If you add them in powdered form and leave them in suspension they will continue to add spice, making the beer eventually undrinkable.

Since we’re trying to affect the nose, it’s probably a better idea to just steep the spices in the last 10 minutes of the boil, as you would with aroma hops. This will also cut down on potential contamination that is possible when adding things to the fermenter.

For cinnamon, nutmeg and clove keep the addition below an ounce or so for a 5 gallon batch. You can use a little more, 1 1/2 ounce say, for things like corriander and ginger.

Adding some orange peel is also a good way to compliment the spice and add a pleasant citrus note to the finished beer. You can zest an orange yourself or find dried orange peel at your local homebrew supplier or try the Sweet Orange Peel at MoreBeer.com.

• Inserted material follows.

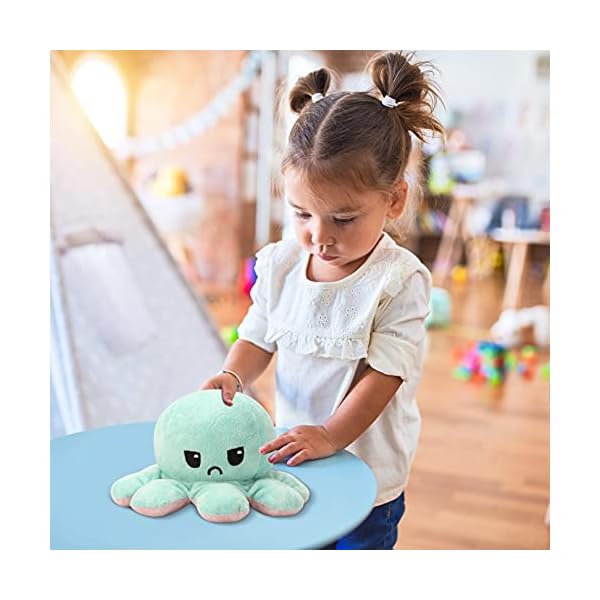 Weilisi Octopus Reversible Plushie Flippy Angry Octopus 20cm,Double-Sided Mood Octopus Plush Emotion Flip Octopus Toy…
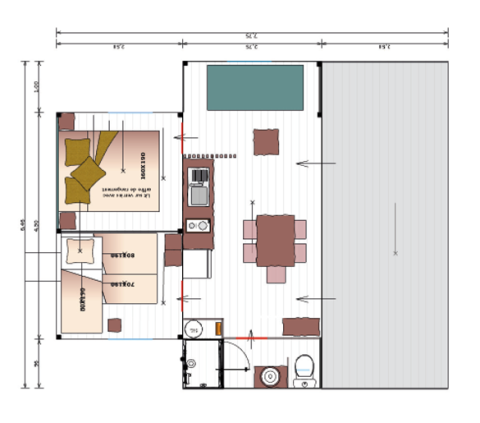 Plantegning af Cotton Flower Canvas Lodge ved Flower Camping La Plage med soveværelser og terrasse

A blend of these spices, along with the orange peel and hops mentioned above, makes for a very interesting and fulfilling experience.

Making a Spiced Pumpkin Ale
Now that you have some spice, take your beer to another level by adding some pumpkin notes to the flavor and aroma.

The easiest way to do this is with a can of pumpkin puree, but in some cases pumpkin puree may lead to a sweet, rich pumpkin pie flavor, which might not be what you’re shooting for. In my opinion, residual sweetness in an ale, especially holiday ales, should come from the malt, not adjunct sugars.

For a true pumpkin flavor and aroma try using a real pumpkin. If you’re brewing your seasonal in the early fall you should be able to find one around.

If you’re brewing an extract recipe you will add the pumpkin to the boil. Pop the top, scoop out the pumpkin guts and take out some meat, cut it into 1 inch cubes and carmelize to strengthen the flavor. You will want to use about one pound of pumpkin, that’s a good starting point.

To carmelize the pumpkin, heat a large skillet over medium heat and arrange the pumpkin in a single layer if possible. Cook for about 10 minutes, stirring or rolling the pumpkin to heat it evenly. After that, let it cool, then mash it up and you can store it in the fridge until you use it.

Add the carmelized pumppkin to the wort during the last 10 to 15 minutes. Longer time in the boil will impart more pumpkin flavor and aroma, less time will have more effect on the aroma.

If you’re doing an all grain batch you can roast the pumpkin and use it in the mash. There is a great guide to making an all grain pumpkin ale at the American Homebrewers Association website.

What else can you do with a pumpkin? Why not make it into a keg!

Hope this helps you get a good start on holiday brewing. Enjoy, and as always, Happy Brewing!